— Task brief —
What you return must match the records exactly, except that the pictures are gone.

**** Dataset extract

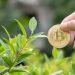 Blockchain electrik consumtion blockchain bad for environment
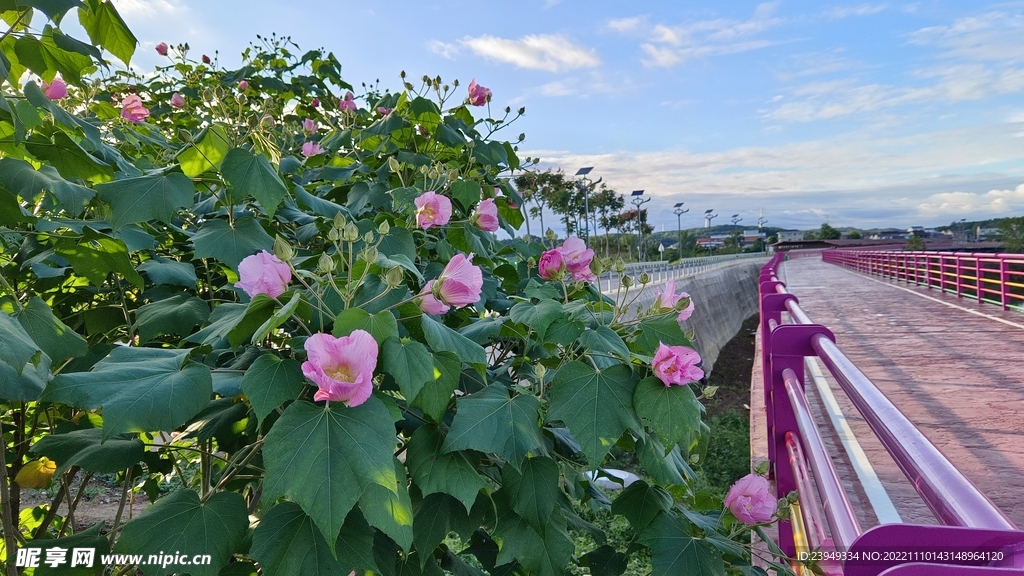 木芙蓉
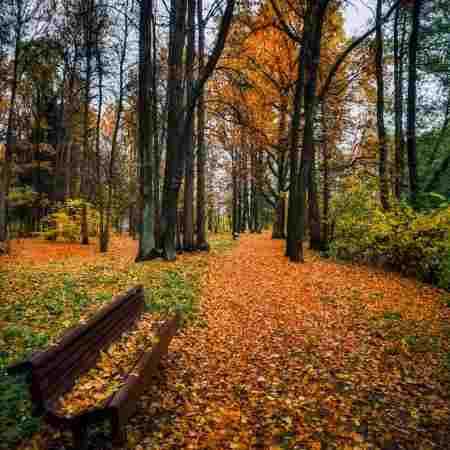 هایده ( ورژن هوش مصنوعی ) عشق تو خوابی بود و بس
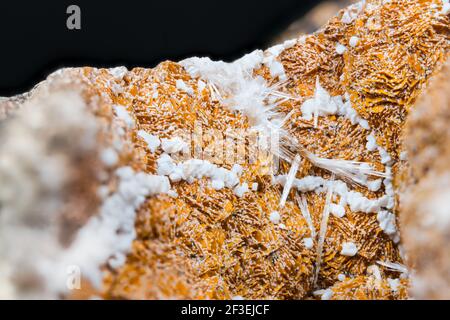 Detail aus orangefarbenem und weißem Aragonit mit Kristallhaufen auf schwarzem Hintergrund. Nahaufnahme der schönen Textur von Mineral aus Calciumcarbonat. Stockfoto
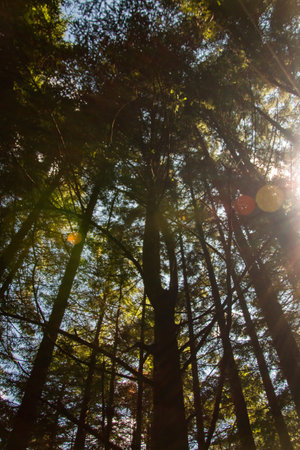 High pine trees seen from below with the sun coming inの写真素材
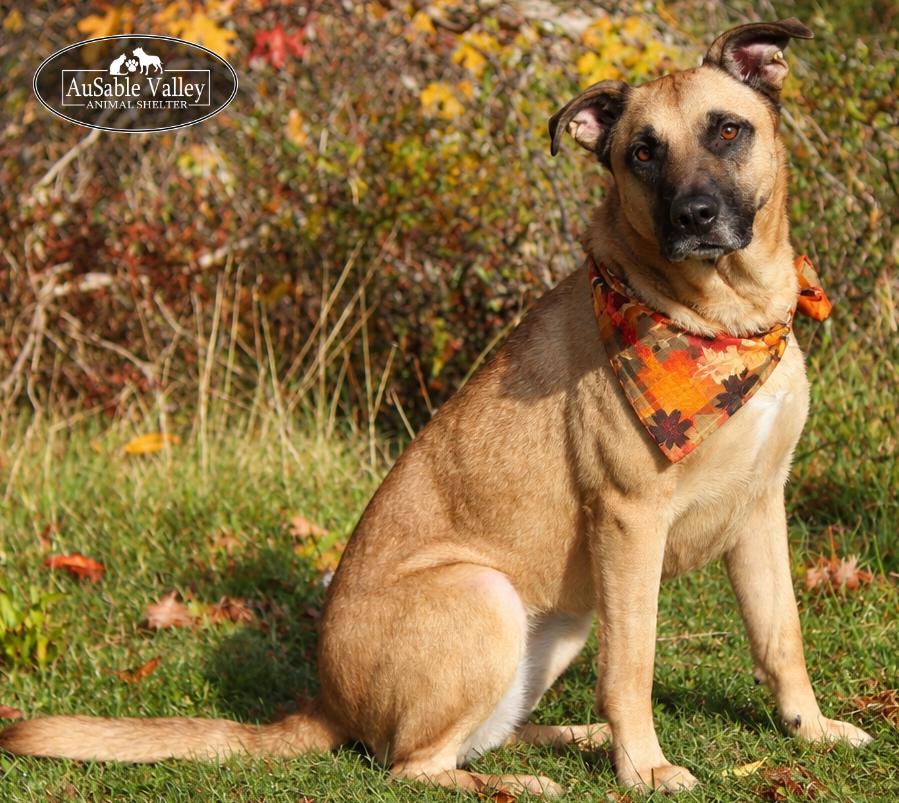 Enlarge Koda, a Adoptable mixed breed in Grayling, MI image 1/6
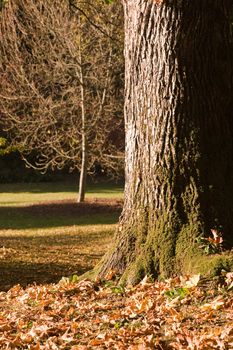 maple tree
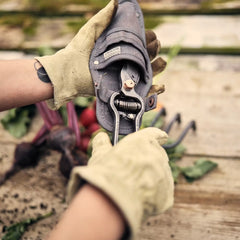 Pruner & Sheath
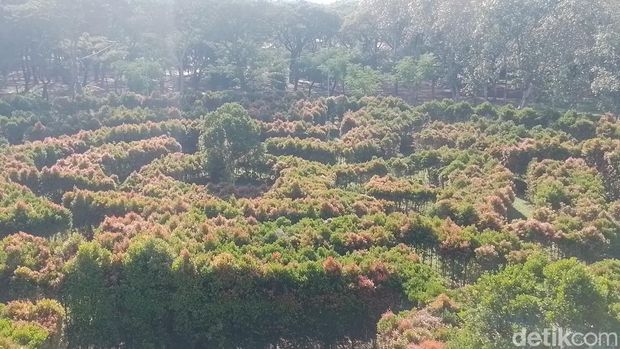 Taman Hutan Kota Penjaringan, Jakarta Utara Taman Hutan Kota Penjaringan, Jakarta Utara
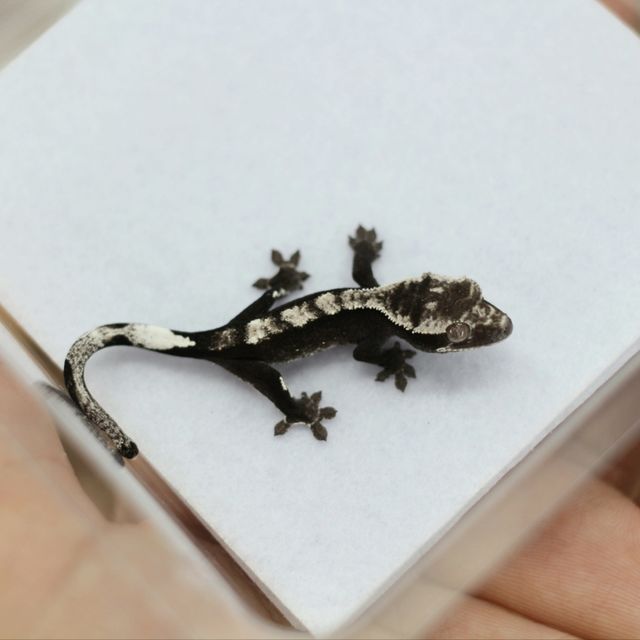 다크 아잔틱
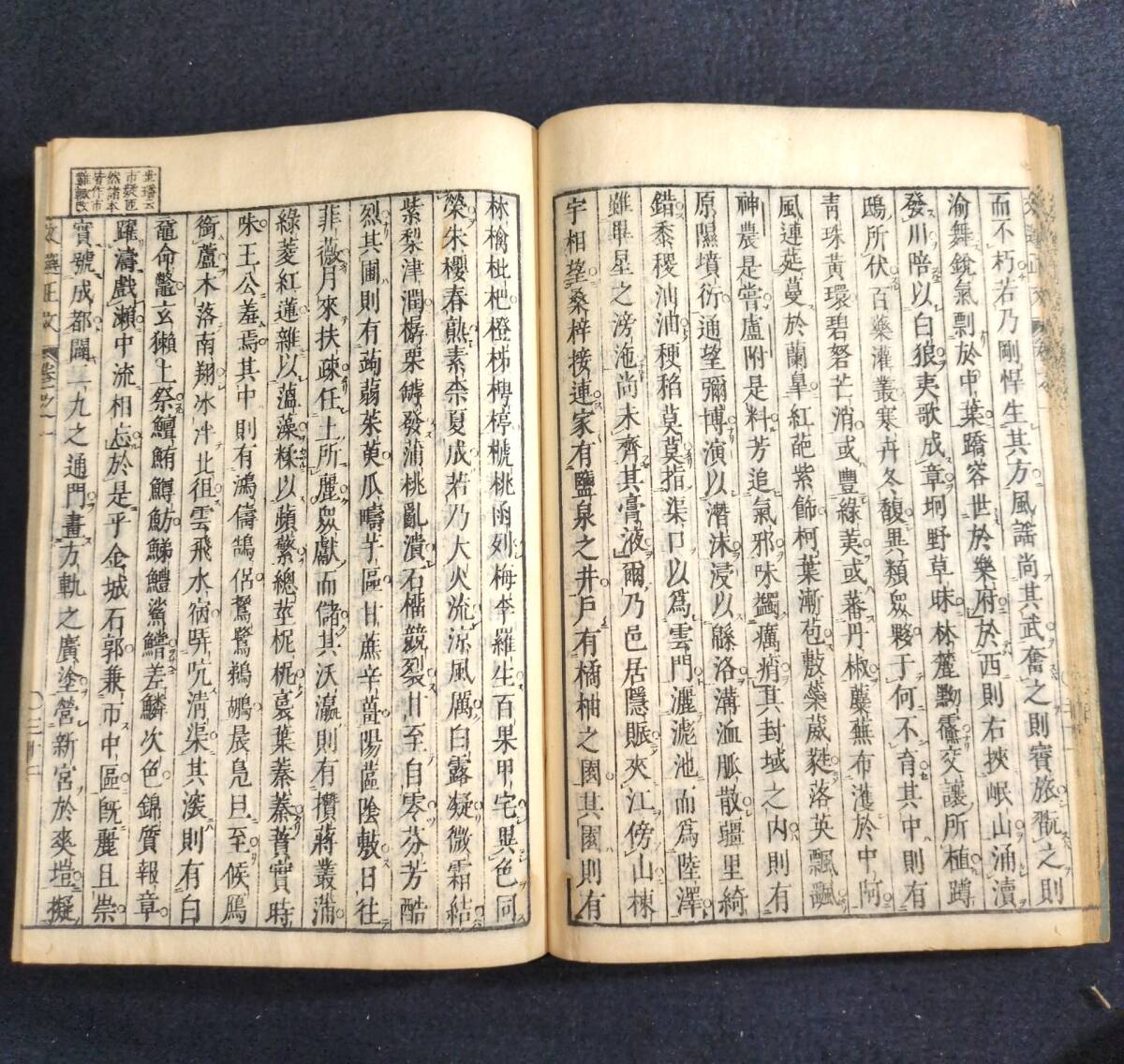Y390 漢詩 詩文集◇文選正文◇全12巻12冊揃 服部南郭 漢籍 漢文 Y390 漢詩 詩文集◇文選正文◇全12巻12冊揃 服部南郭 漢籍 漢文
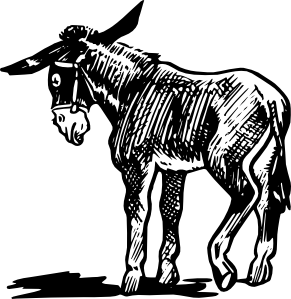 291x299 Donkey Outline In Black And White Clip Art - Donkey Drawing Outline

********

— Task output —
 Blockchain electrik consumtion blockchain bad for environment
 木芙蓉
 هایده ( ورژن هوش مصنوعی ) عشق تو خوابی بود و بس
 Detail aus orangefarbenem und weißem Aragonit mit Kristallhaufen auf schwarzem Hintergrund. Nahaufnahme der schönen Textur von Mineral aus Calciumcarbonat. Stockfoto
 High pine trees seen from below with the sun coming inの写真素材
 Enlarge Koda, a Adoptable mixed breed in Grayling, MI image 1/6
 maple tree
 Pruner & Sheath
 Taman Hutan Kota Penjaringan, Jakarta Utara Taman Hutan Kota Penjaringan, Jakarta Utara
 다크 아잔틱
Y390 漢詩 詩文集◇文選正文◇全12巻12冊揃 服部南郭 漢籍 漢文 Y390 漢詩 詩文集◇文選正文◇全12巻12冊揃 服部南郭 漢籍 漢文
 291x299 Donkey Outline In Black And White Clip Art - Donkey Drawing Outline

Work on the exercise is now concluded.